The U.S. Treasury on Sunday announced a takeover of both Fannie Mae (FNM) and Freddie Mac (FRE), a move that has nearly no precedent in U.S. history. Together, the companies own or guarantee roughly $5.3 trillion in home loans, roughly half of all outstanding U.S. mortgages. The bailout will involve as much as $200 billion in capital and credit lines to both GSEs, according to documents released Sunday afternoon by the Treasury.
Treasury officials said the government will immediately purchase $1 billion in senior preferred stock from each company; the preferred stock comes with a 10 percent coupon, quarterly dividend payments and provides warrants representing an ownership stake of 79.9 percent of each GSE going forward. All other preferred and common shares in Fannie and Freddie will see dividends halted by their new regulator, the Federal Housing Finance Agency, of FHFA — the FHFA will essentially serve as receiver for both GSEs, as both companies have been placed into conservatorship as part of the government’s plan.
Under the Treasury preferred stock purchase agreement, the government may purchase an additional $100 billion in preferred interests in each GSE if needed, although FHFA director James Lockhart suggested such a large investment likely wouldn’t be needed.
But after hearing from Lockhart for weeks that the GSEs were in solid financial condition, and that the Treasury had no intention to step in, how much of whatever is said can really be believed at this point? “Fannie Mae and Freddie Mac are so large and so interwoven in our financial system that a failure of either of them would cause great turmoil in our financial markets here at home and around the globe,” Paulson said in a press conference on Sunday. “This turmoil would directly and negatively impact household wealth: from family budgets, to home values, to savings for college and retirement.”
As part of the nationalization, FHFA immediately canned Fannie CEO Daniel Mudd and Freddie chairman and CEO Richard Syron, although both will stay on in transitional roles. FHFA’s Lockhart named Herb Allison, former vice chairman at Merrill Lynch & Co. (MER), to the CEO post at Fannie Mae; former US Bancorp (USB) vice chairman David Moffett will now lead Freddie Mac.
“Unfortunately, as house prices, earnings and capital have continued to deteriorate, [the GSEs] ability to fulfill their mission has deteriorated,” said Lockhart. “In particular, the capacity of their capital to absorb further losses while supporting new business activity is in doubt.”

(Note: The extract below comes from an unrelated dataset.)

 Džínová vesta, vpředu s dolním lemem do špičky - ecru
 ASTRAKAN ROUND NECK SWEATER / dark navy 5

Beyond the capital injections, the federal government said it will begin purchasing unknown amounts of agency MBS on the open market, a move it said would “promote the stability of the mortgage market.”

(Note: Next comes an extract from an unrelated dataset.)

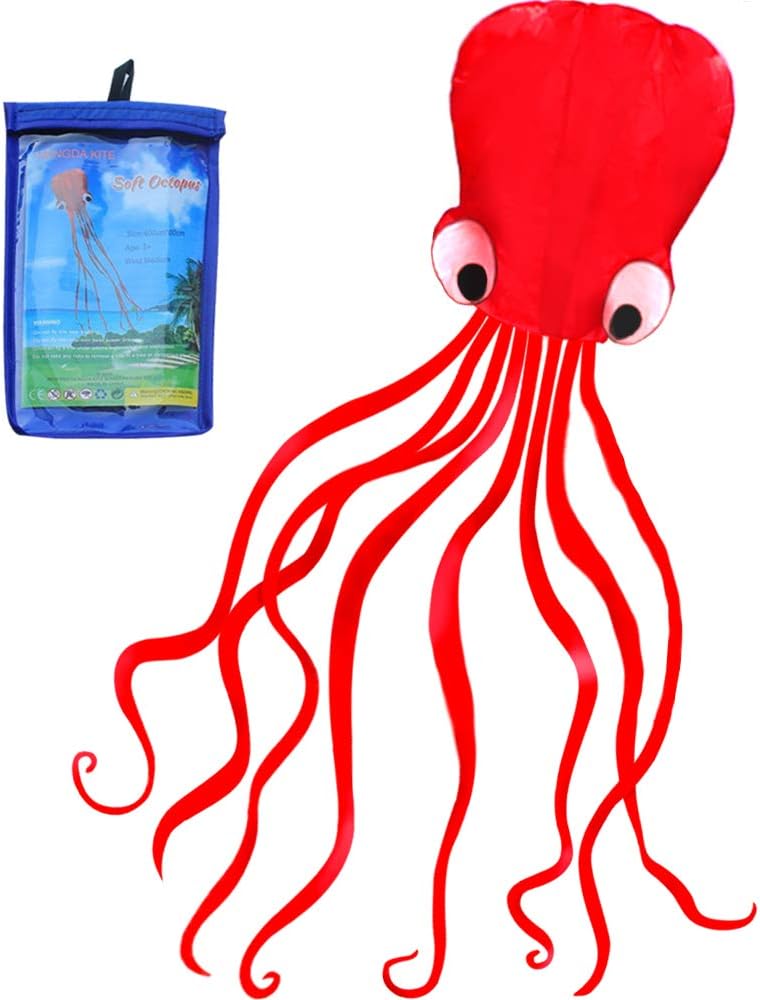 Hengda Kite Soft Octopus Kite Series, Beautiful Kite with Long Colorful Tail for Kids and Adults, Easy to Fly Beach Kites, Excellent Outdoor Games and Activity Toys, Suitable for Beginners.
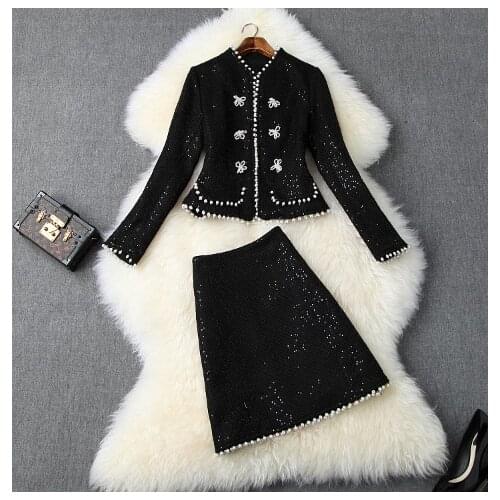 Autumn and winter womens new V-neck tweed cardigan jacket + beaded skirt small fragrance suitT3715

The Treasury said it will appoint two independent asset managers as financial agents of the U.S. government to manage the a government portfolio of MBS with the goal of “promoting stabiliity and protecting taxpayers.” Which means that the U.S. government could become akin to the single largest hedge fund on the planet. Amazing to think, for anyone that has been in the mortgage market.

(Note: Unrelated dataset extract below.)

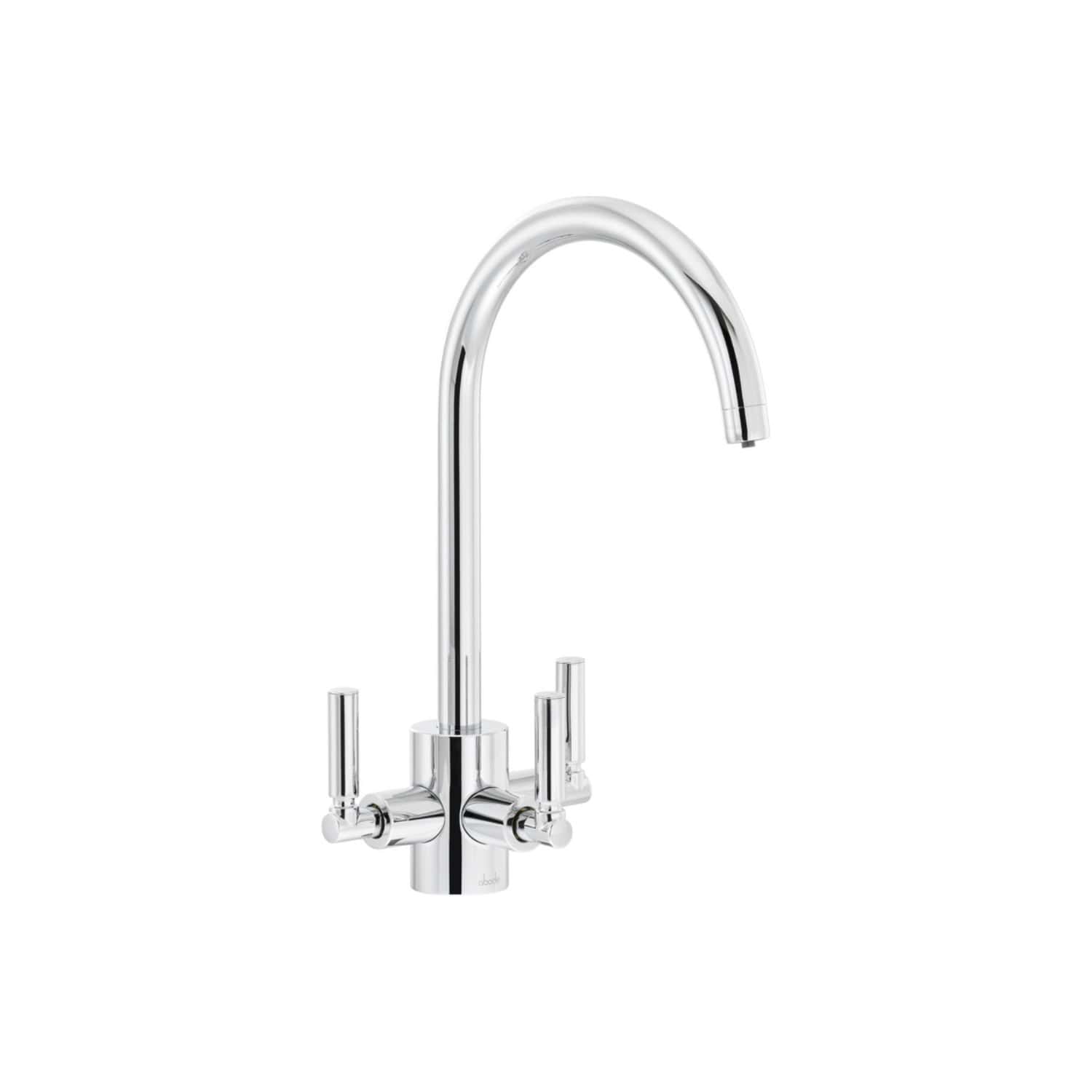 Shiny chrome kitchen tap with dual handles and high-arc spout, modern design by Bubly Bathrooms. Perfect for contemporary kitchens, offering durability and easy water control.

Early sentiment suggests that the bailout may do little to quell investor’s nerves, however; the few sources we’ve talked to thus far have suggested that concern over commercial banks is likely to intensify. “I can think of four large commercial banks in more tenuous positions that either Fannie or Freddie,” said one source, a hedge fund manager that asked not to be named. “Does this mean things are really even worse than we think there? Or that the government will need to step in there as well for the good of the US home owner?”